このページでは、在庫数を超えて注文が入る「売り越し(過剰販売)」を抑制する機能「Oversell Protection」の仕様、利用条件、および決済手段ごとの挙動を解説します。
1. 概要と目的
フラッシュセール等の大規模セール時、顧客がShopifyの決済ボタンをクリックしてから決済が完了するまでの僅かな時間に在庫が変動し、実在庫以上の注文が発生することがあります。 Oversell Protectionは、KOMOJU決済において、決済プロセス中の在庫切れによる売り越しを最小限に抑えるための機能です。
2. 機能提供について
本機能の根幹部分は、プラットフォーム提供元であるShopifyによって制御されています。
- Shopifyによる機能提供範囲: 本機能は、Shopifyが提供する決済APIの仕様に基づいた機能です。
- 最終判定の主体: 在庫の有無を最終的に検証し、決済を承認するか拒否するかを決定するのはShopifyのシステムです。

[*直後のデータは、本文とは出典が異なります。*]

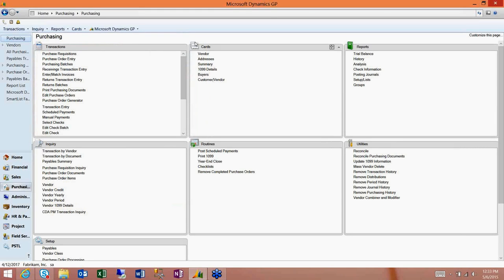Another question from Andrea: is there a way to change the EFT remittance layout to look like the check remittance? Yes, that format can be modified — it just takes a little time, yes it can be done.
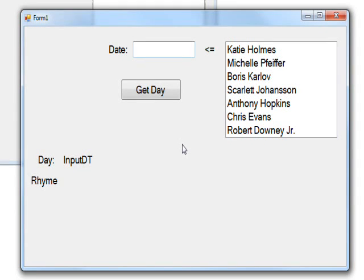Hi, this is the program we're looking at today. It accepts a date as input and tells you what day that date falls on. As far as I can tell, you can go as far back into the past or as far into the future as you want.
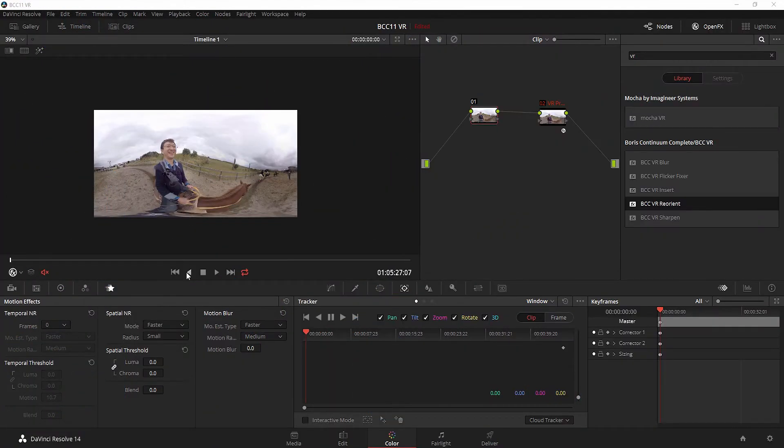Hi, I'm Jason Bonak for Boris FX, and welcome to this tutorial on the BCC11 VR unit.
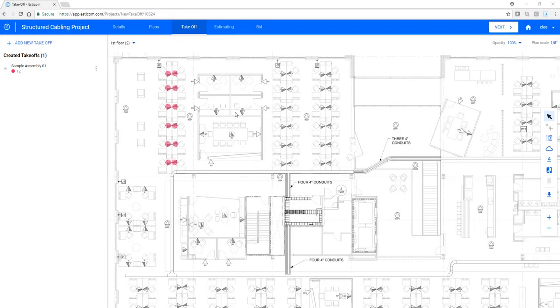In addition to the comprehensive set of takeoff tools, SDCom includes markup, annotation, and a database of common symbols that can be used for design-build functionality.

- 動作: 弊社では動作の調査については保有しております情報に限りがございます。決済フローにおける在庫引き当ての成否、およびシステム的な動作不良にお困りの際はShopifyへご相談いただくようお願いする場合がございますこと、あらかじめご了承くださいませ。
3. 利用条件と制限事項
利用条件
本機能は現在ベータ版としての提供であり、有効化には申請が必要です。
▶申請方法: オーナー権限を持つアカウントで管理画面にログインの上、お問い合わせフォームよりご連絡ください。
▶適用範囲: 対象決済手段すべてが一括で有効化されます(特定の決済手段のみを無効化することはできません)。
対象決済手段: クレジットカード/コンビニ(セブンイレブンを除く)/PayPay/au PAY/d払い/楽天ペイ
システム要件(適用外となるケース)
以下の設定がなされている場合、本機能は適用されません。
- Shopify設定で「在庫切れでも販売を続ける」が有効な場合
- Shopify設定で「在庫の追跡」がオフの場合
- クレジットカード決済で「リダイレクトなし」を選択している場合(「外部遷移」のみが対象)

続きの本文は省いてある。